### WHAT TO PRODUCE
Your job is to give again, exactly and with no additions, the lines in the records below from the one with "Day 2 香港海洋公園 熱帶雨林探險徑4" through the one with "Ampla Vista Paisagem", both included. Omit the pictures.

Start of DATA

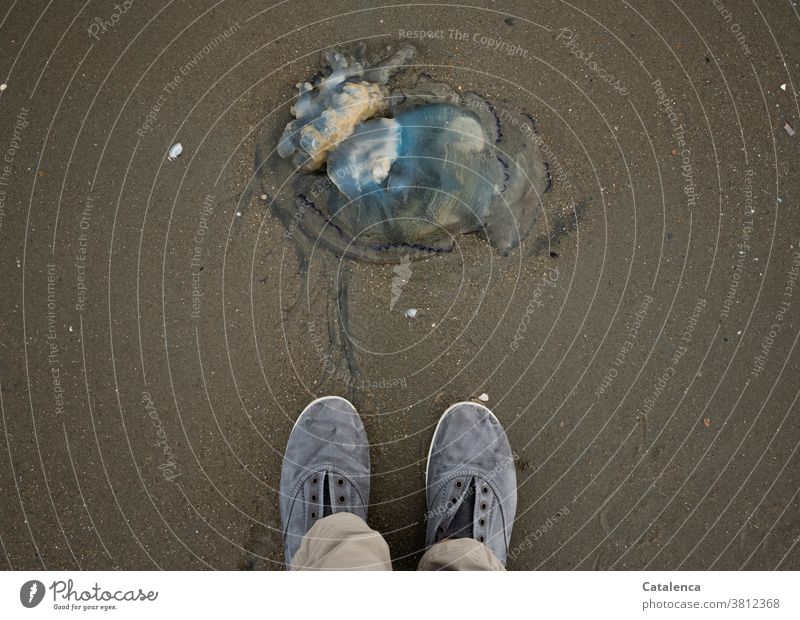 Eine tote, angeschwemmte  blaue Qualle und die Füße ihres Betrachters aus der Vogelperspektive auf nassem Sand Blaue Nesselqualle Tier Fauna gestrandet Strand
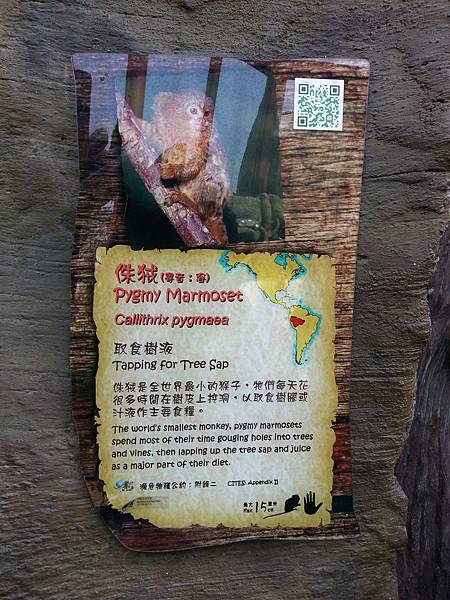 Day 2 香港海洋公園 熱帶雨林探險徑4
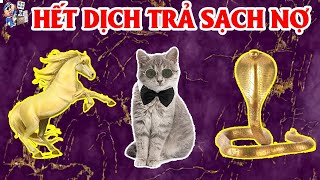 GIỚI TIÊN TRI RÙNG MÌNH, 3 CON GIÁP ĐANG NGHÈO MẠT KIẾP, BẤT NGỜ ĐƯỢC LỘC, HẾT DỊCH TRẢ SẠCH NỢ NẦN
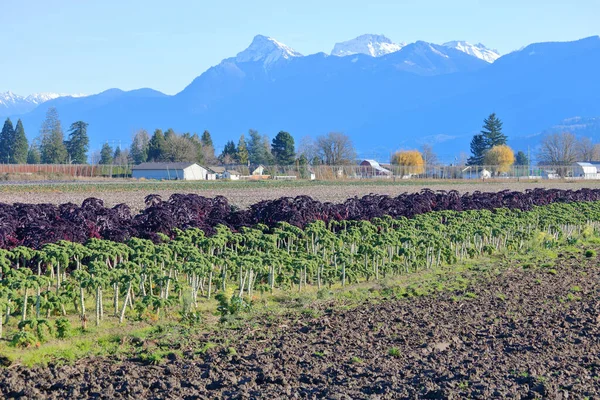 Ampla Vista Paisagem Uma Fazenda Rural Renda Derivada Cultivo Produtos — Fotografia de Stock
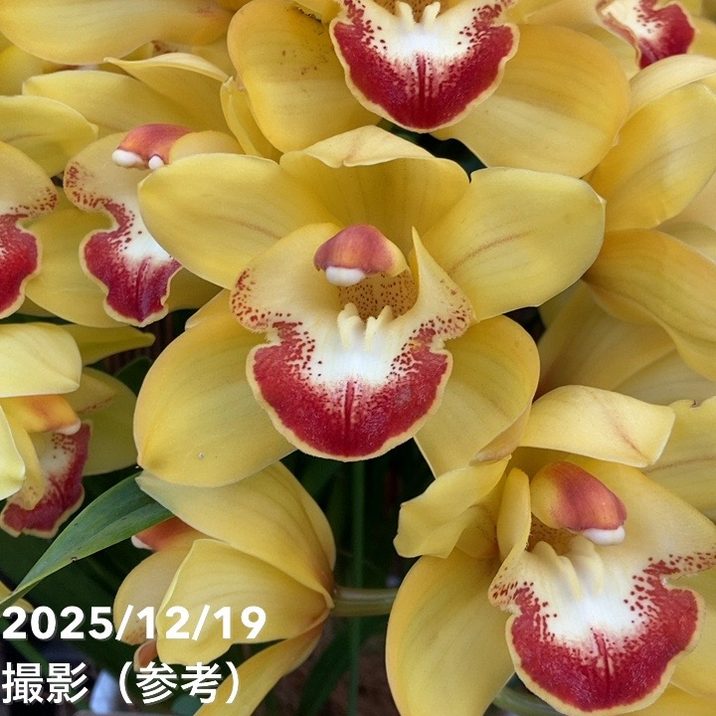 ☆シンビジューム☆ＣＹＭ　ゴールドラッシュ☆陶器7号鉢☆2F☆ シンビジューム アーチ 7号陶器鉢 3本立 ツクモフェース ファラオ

End of DATA

### ANSWER TO THIS TASK
 Day 2 香港海洋公園 熱帶雨林探險徑4
 GIỚI TIÊN TRI RÙNG MÌNH, 3 CON GIÁP ĐANG NGHÈO MẠT KIẾP, BẤT NGỜ ĐƯỢC LỘC, HẾT DỊCH TRẢ SẠCH NỢ NẦN
 Ampla Vista Paisagem Uma Fazenda Rural Renda Derivada Cultivo Produtos — Fotografia de Stock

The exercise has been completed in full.